The companies involved in the PACT consortium all anticipated that they would be applying DCT elements to 45% of their trials within a five-year-period, but all were encountering challenges in doing so. That included not having a measurement for ROI, which led to a retreat from rapid DCT adoption, as well as mixed reports from using virtual/remote solutions, scaling and capacity, site adoption, and more.
With the caveat that only 17% of the trials were complete, Mr Getz shared the following key learnings. The most common area of deployment for virtual/remote solutions was during the study visit, with an average of 3 solutions. There was a broad range, but the 5 most commonly included eCOA, apps for patient reminders and data collection, home visits, and telehealth or video.
“We’re seeing some indications that organizations have access to the data much faster when a virtual or remote solution has been integrated.”
4. Expectation vs Reality for Cycle Time with DCTs
When it came to performance outcomes, even with a limited sample size of trials using DCT elements/components, the data showed the actual timeline came close or beat the planned timeline. Mr Getz noted that a flaw with the methodology was that many organizations, because they have limited experience with DCT, might take longer to plan. The data would continue to evolve as more companies contributed and as more companies became more familiar with DCTs.
However, despite the expectation from some organizations that the inclusion of a DCT element would extend cycle times or cause delays, Mr Getz noted that there was no significant differences.

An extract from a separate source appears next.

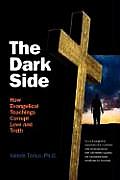 Dark Side How Evangelical Teachings Corrupt Love & Truth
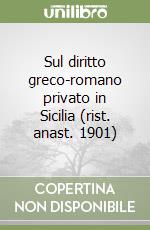 Sul diritto greco-romano privato in Sicilia (rist. anast. 1901) libro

There were slightly longer startup and initiation cycle times, but the virtual/remote component helped to catch up once the trial was underway. “We’re seeing some indications that organizations have access to the data much faster when a virtual or remote solution has been integrated.”

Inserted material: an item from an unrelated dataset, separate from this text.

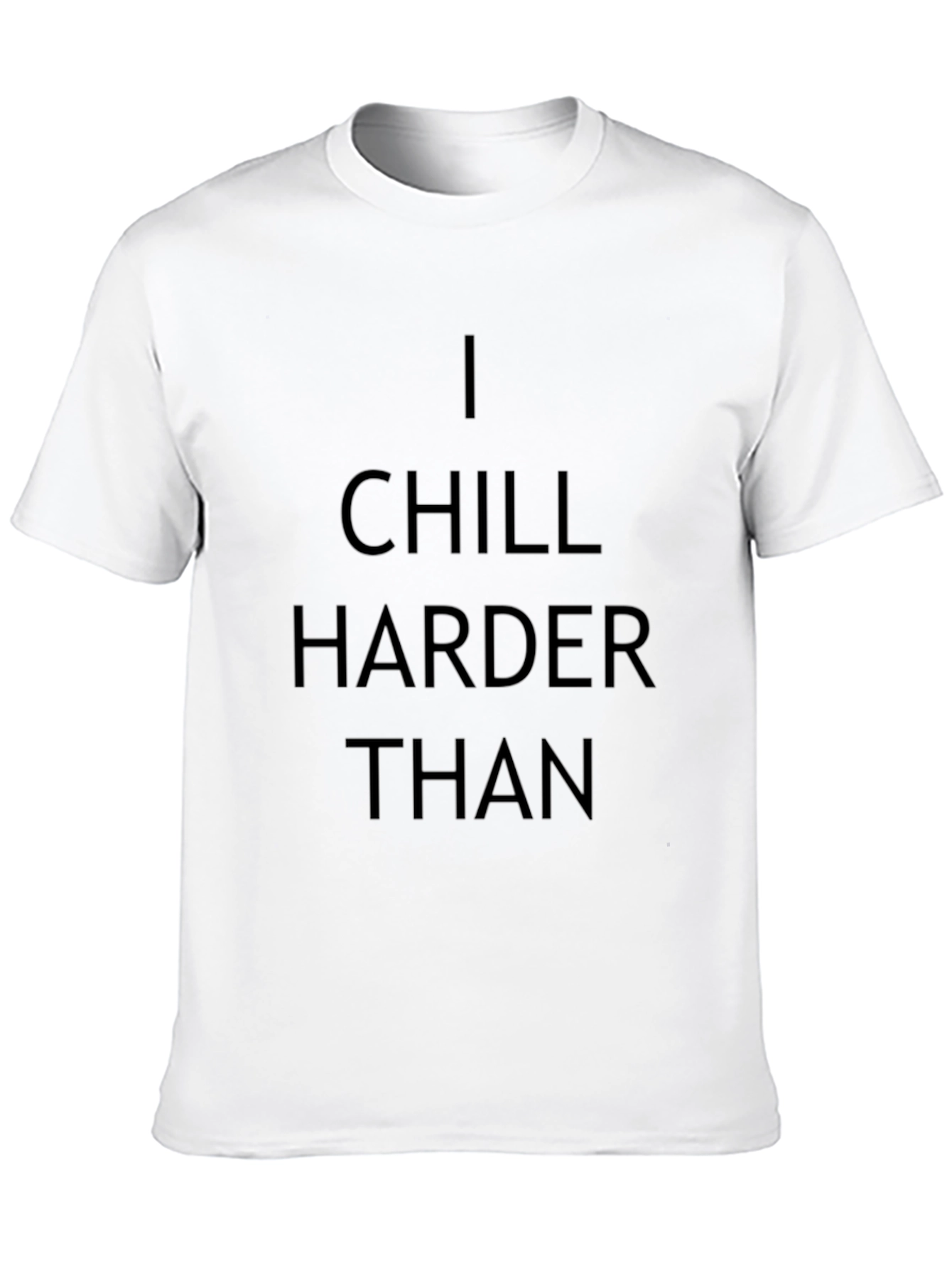 Black I Chill Harder Than Graphic T-Shirt - Black view 10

5. Demographic Representation
Mr Getz pointed out that from the data being collected on demographic representation, it showed there was a higher representation of women and Asian patient communities in trials that involved DCTs, and another study indicated that local labs, local locations and specialty locations contributed to higher representation in clinical trials.
“This particular output, which we will be able to update over time with more data, helps inform our understanding of changes and shifts in diversity representation,” said Mr Getz.
6. The Cost of a Day’s Delay in Clinical Development
The cost of a day to run a clinical trial is an important measure that can be used to determine the value of short-term ROI. According to a study published around the time of Mr Getz’ presentation, the cost of a day’s delay in prescription drug sales was roughly 25% of what it had been in 1992-1999. In today’s market, an increasing share of the portfolio is made up of drugs targeting rare/ultrarare diseases in narrow patient populations. That means that expected net present value must be evolved to account for today’s environment.
Conversely, the daily cost to run a clinical trial has not kept pace with inflation. Many sites are finding that many procedure costs have declined over time but are being asked to do more with limited/constrained budgets.